Even if the attorney went to medical school, it is unlikely that he or she knows as much about your specialty as you do. Nevertheless, do not underestimate the intelligence and medical sophistication of any attorney, for skilled malpractice attorneys are savvy about the medical matters that earn them their keep, whatever side they happen to represent. In speaking with an attorney, you are in roughly the same position as being a pathologist at a morbidity and mortality conference. The others in the room know some medicine, but they do not know as much pathology as you, and they have not spent as much time studying the pathology of the case as you have. The appropriate attitude to have in talking with attorneys is humble confidence. You should be confident that you know your specialty and humble because no one masters medicine, one only practices medicine. Such humility will save you from the disastrous consequences of pride.

Remember that it is the attorney who is paid to take a side in a case. If consulted as an expert witness, you are being asked to evaluate the facts of the case and then offer your opinions based on those facts, including both diagnoses and additional avenues that merit exploration. You should not be an advocate, and you should not enter the field of expert witness testimony because this allows you to carry your banner in some cause célèbre into new territory. If you wish to become an advocate, then you should go to law school.

The final point about dealing with attorneys is to remember that the attorney is trying to win the case for which the client hired him or her.

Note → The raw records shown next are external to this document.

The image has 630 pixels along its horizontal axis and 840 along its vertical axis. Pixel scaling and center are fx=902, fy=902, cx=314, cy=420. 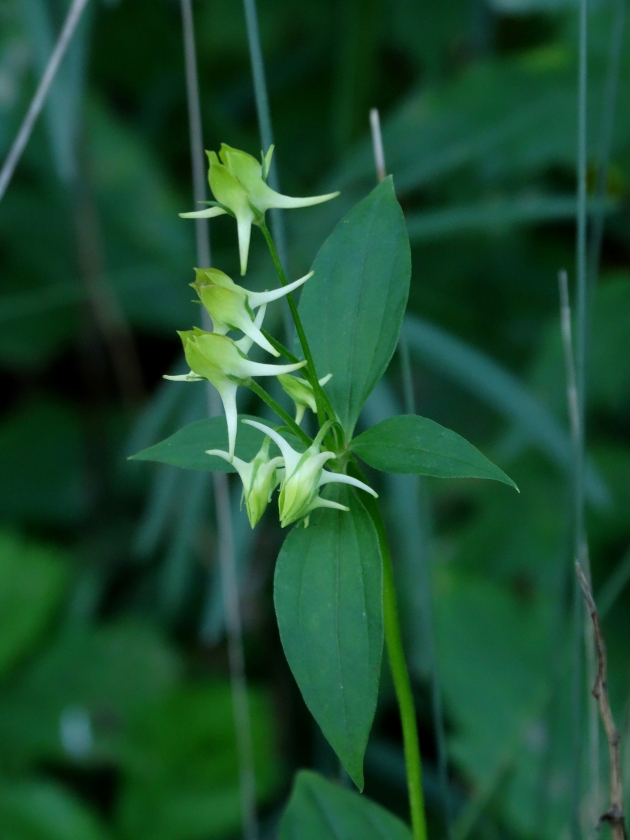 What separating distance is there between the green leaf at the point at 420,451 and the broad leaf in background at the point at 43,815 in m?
0.84

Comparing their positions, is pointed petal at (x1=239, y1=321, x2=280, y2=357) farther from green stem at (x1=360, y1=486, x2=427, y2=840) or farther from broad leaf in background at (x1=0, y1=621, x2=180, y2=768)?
broad leaf in background at (x1=0, y1=621, x2=180, y2=768)

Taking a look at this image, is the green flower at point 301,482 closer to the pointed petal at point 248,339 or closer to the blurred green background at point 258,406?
the pointed petal at point 248,339

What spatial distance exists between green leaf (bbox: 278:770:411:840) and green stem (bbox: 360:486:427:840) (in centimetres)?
5

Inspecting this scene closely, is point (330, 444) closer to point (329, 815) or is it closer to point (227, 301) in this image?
point (227, 301)

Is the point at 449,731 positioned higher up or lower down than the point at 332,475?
lower down

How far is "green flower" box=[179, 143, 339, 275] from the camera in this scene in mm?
377

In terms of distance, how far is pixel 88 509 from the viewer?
1508 mm

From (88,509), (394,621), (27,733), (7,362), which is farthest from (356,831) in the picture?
(7,362)

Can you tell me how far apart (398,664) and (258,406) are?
0.84 m

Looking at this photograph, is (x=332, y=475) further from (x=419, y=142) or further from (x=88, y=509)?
(x=88, y=509)

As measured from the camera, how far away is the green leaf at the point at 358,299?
43cm

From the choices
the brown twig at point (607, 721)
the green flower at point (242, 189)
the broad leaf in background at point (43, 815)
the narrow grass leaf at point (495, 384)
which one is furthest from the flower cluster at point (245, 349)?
the broad leaf in background at point (43, 815)

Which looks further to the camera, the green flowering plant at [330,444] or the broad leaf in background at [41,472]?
the broad leaf in background at [41,472]

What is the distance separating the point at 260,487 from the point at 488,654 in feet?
2.64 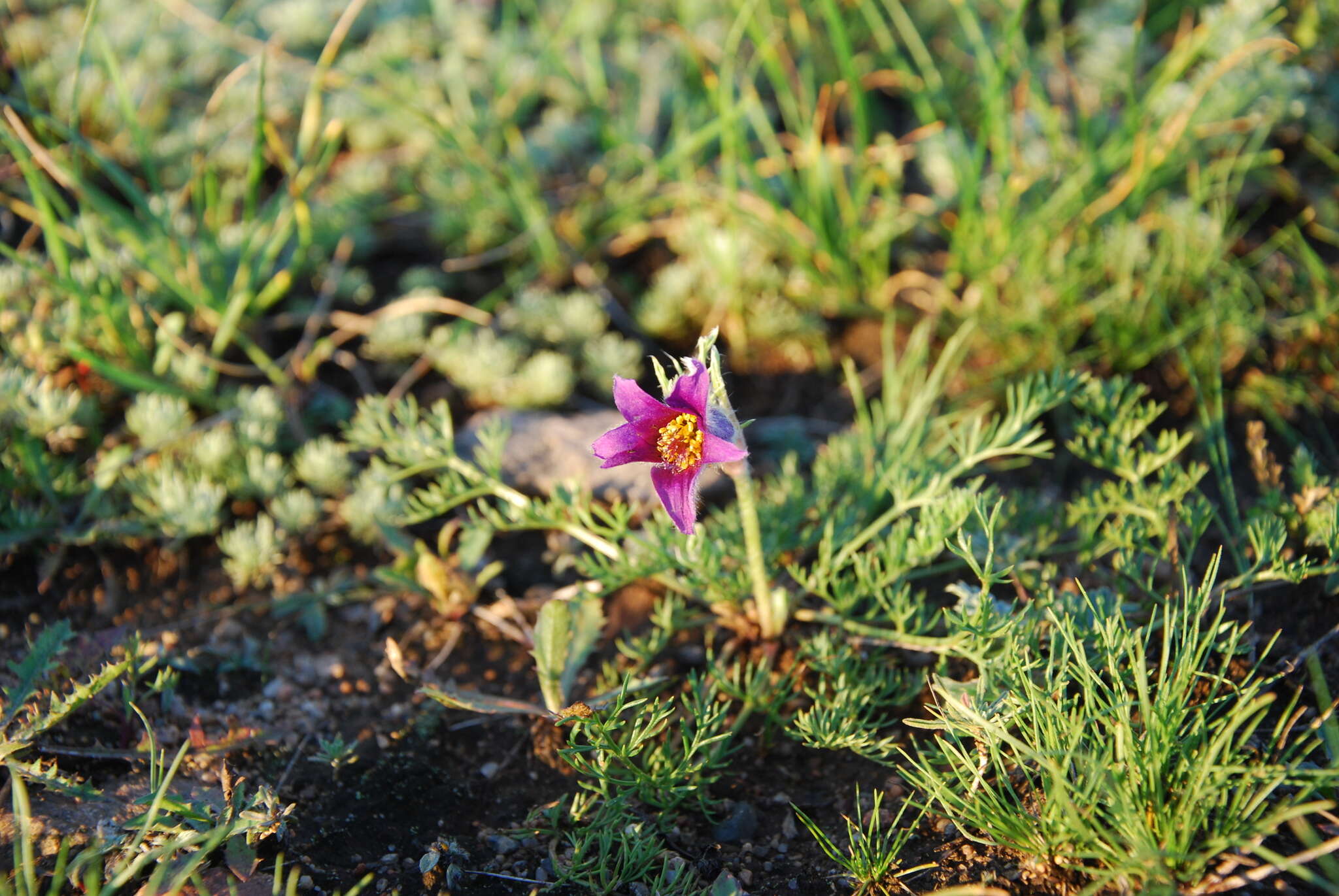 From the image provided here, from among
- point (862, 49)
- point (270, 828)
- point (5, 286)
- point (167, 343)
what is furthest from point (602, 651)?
point (862, 49)

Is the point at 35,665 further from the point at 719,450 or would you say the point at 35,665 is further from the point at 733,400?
the point at 733,400

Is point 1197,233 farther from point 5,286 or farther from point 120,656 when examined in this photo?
point 5,286

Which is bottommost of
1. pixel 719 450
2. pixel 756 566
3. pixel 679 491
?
pixel 756 566

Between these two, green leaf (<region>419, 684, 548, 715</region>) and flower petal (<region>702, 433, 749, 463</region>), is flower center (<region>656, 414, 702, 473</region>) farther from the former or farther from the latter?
green leaf (<region>419, 684, 548, 715</region>)

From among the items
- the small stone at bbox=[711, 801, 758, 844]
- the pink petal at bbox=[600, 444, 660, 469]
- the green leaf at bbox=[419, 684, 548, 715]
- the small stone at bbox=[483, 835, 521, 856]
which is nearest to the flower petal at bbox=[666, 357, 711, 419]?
the pink petal at bbox=[600, 444, 660, 469]

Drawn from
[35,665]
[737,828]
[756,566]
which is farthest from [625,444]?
[35,665]

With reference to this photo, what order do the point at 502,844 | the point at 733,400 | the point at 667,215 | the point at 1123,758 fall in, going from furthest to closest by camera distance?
the point at 667,215, the point at 733,400, the point at 502,844, the point at 1123,758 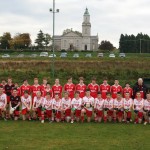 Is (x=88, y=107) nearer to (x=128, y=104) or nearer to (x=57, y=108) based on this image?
Answer: (x=57, y=108)

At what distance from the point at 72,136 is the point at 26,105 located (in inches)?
140

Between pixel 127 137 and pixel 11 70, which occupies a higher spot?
pixel 11 70

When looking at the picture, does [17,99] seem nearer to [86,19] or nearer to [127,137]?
[127,137]

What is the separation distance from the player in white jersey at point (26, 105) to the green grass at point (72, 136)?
64 centimetres

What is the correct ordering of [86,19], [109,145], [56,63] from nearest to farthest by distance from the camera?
[109,145] → [56,63] → [86,19]

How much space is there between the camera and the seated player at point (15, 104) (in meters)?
14.6

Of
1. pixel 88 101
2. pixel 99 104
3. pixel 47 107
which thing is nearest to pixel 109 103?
pixel 99 104

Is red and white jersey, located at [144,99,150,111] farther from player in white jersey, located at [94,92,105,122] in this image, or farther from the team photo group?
player in white jersey, located at [94,92,105,122]

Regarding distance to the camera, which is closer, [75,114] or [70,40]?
[75,114]

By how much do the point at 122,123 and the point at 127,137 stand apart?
2594mm

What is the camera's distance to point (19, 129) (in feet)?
41.6

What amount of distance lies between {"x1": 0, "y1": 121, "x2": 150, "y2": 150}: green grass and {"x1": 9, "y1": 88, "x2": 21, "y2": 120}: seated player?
62 centimetres

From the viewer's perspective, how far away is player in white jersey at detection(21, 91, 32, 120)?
14.6 meters

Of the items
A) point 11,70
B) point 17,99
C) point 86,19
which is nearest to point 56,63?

It is appropriate to think of a legal case as a sort of game, a game that combines the strategies of chess, poker, contract bridge, and war. Therefore, as an attorney is talking with you, he or she is assessing your strengths and weaknesses—in your knowledge of your specialty, in presenting your knowledge, in your appearance, in your bearing and manner, and in any other way that may help or hurt the attorney's case. Based on the attorney's assessment of you, he or she may decide to sacrifice you by not using you further, or he or she may hold you until the end as the trump card, all for the sake of winning the game for the client. Like poker, the game may be for high stakes.

Trial Testimony

Careful attorneys will have met with you before the trial to review your findings, assess your abilities, and ask the sorts of questions that the attorney will ask of you in court. Good attorneys live by a professional maxim that they should not ask a question in court for which they do not already know your answer. All of this is perfectly appropriate; changing your answers to put an attorney off his or her footing is dirty pool, just as you do not change diagnoses to keep clinicians on their toes. In court your testimony consists of answering questions asked by 1 attorney representing each party in the suit. The attorney who asked you to become involved in the case should be kindly disposed to you, because you will be saying things advantageous to his or her case (or else the attorney would not have called you to court to testify). Attorneys representing the other side or sides may be more aggressive in their treatment of you; this aggression is nothing personal, just part of testing your mettle in the hope of getting you to concede some point in their favor. Remember the knowledge that you have and maintain humble confidence in your abilities and position, and you should do well on the stand.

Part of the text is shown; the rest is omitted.